■ RAW DATA:
· · · · ·

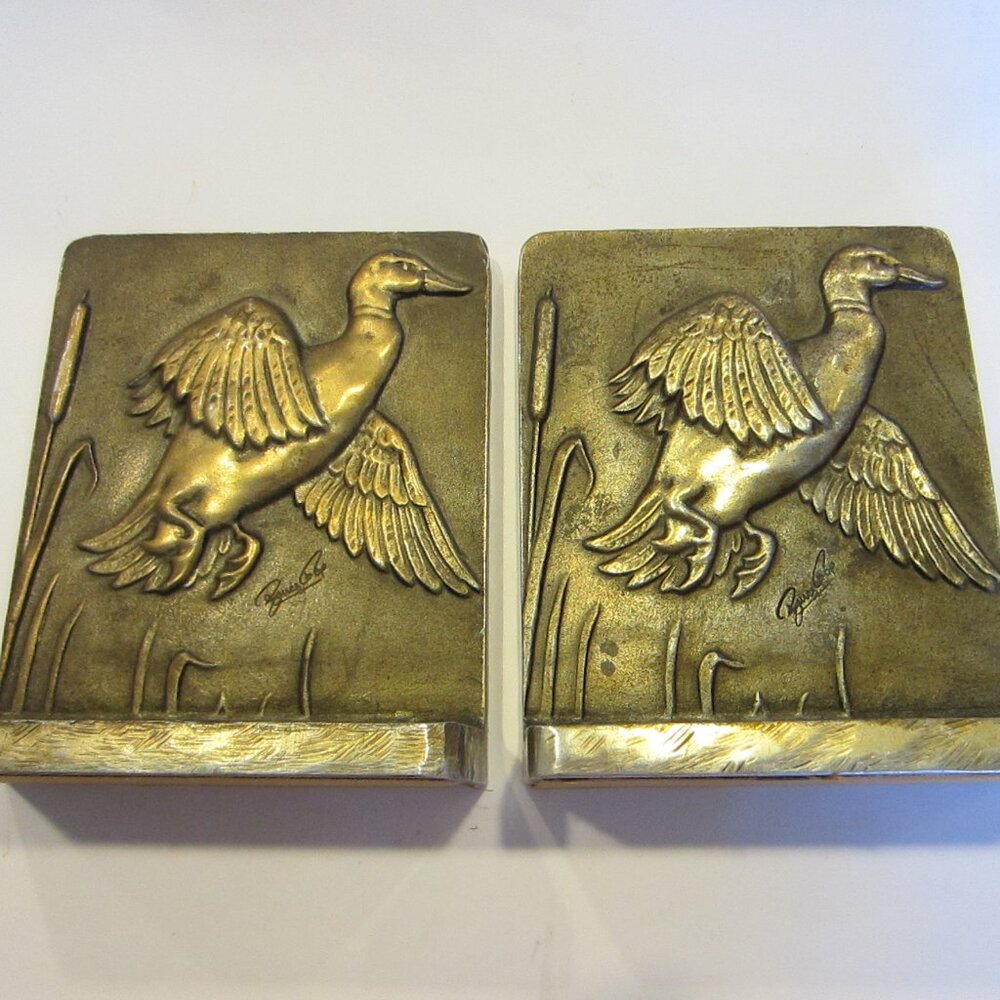 Bruce Fox Hand Worked Post Modern Signed Flying Ducks Bookends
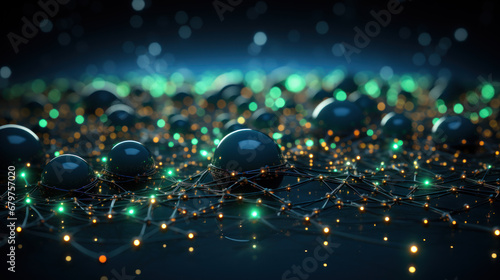 Digital Symbiosis  Illuminating Neural Network Connectivity in Emerald Hues. Generative AI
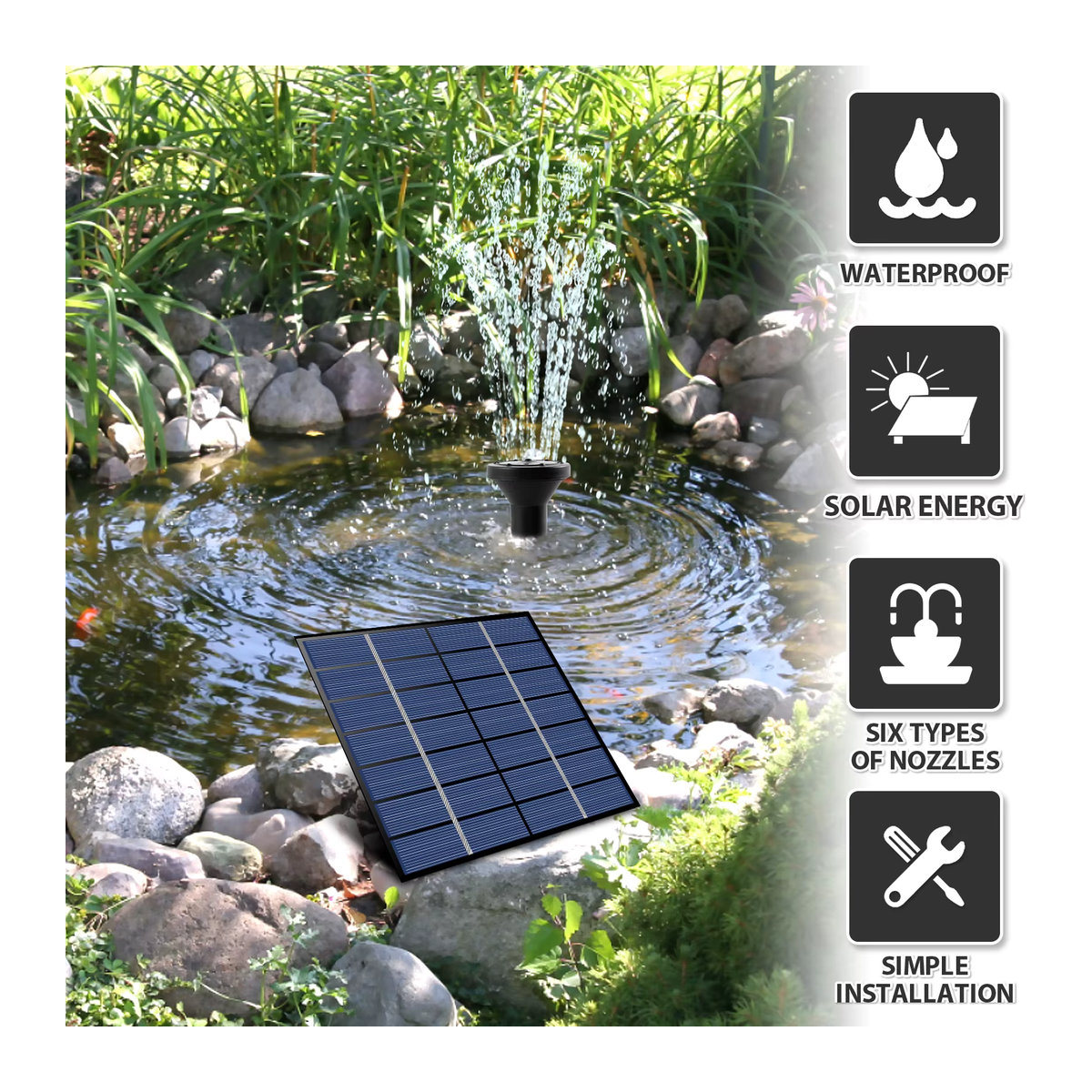 Solar Brunnen Kit mit 1,4 W Solar-Wasserpumpe und 5 Düsen für Garten, Teich und Vogelbad, Schwarz, Kunststoff - Bild 2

· · · · ·

■ EXERCISE PROMPT:
Restate the data above word for word. Skip every picture.

■ TASK SOLUTION:
 Bruce Fox Hand Worked Post Modern Signed Flying Ducks Bookends
 Digital Symbiosis  Illuminating Neural Network Connectivity in Emerald Hues. Generative AI
 Solar Brunnen Kit mit 1,4 W Solar-Wasserpumpe und 5 Düsen für Garten, Teich und Vogelbad, Schwarz, Kunststoff - Bild 2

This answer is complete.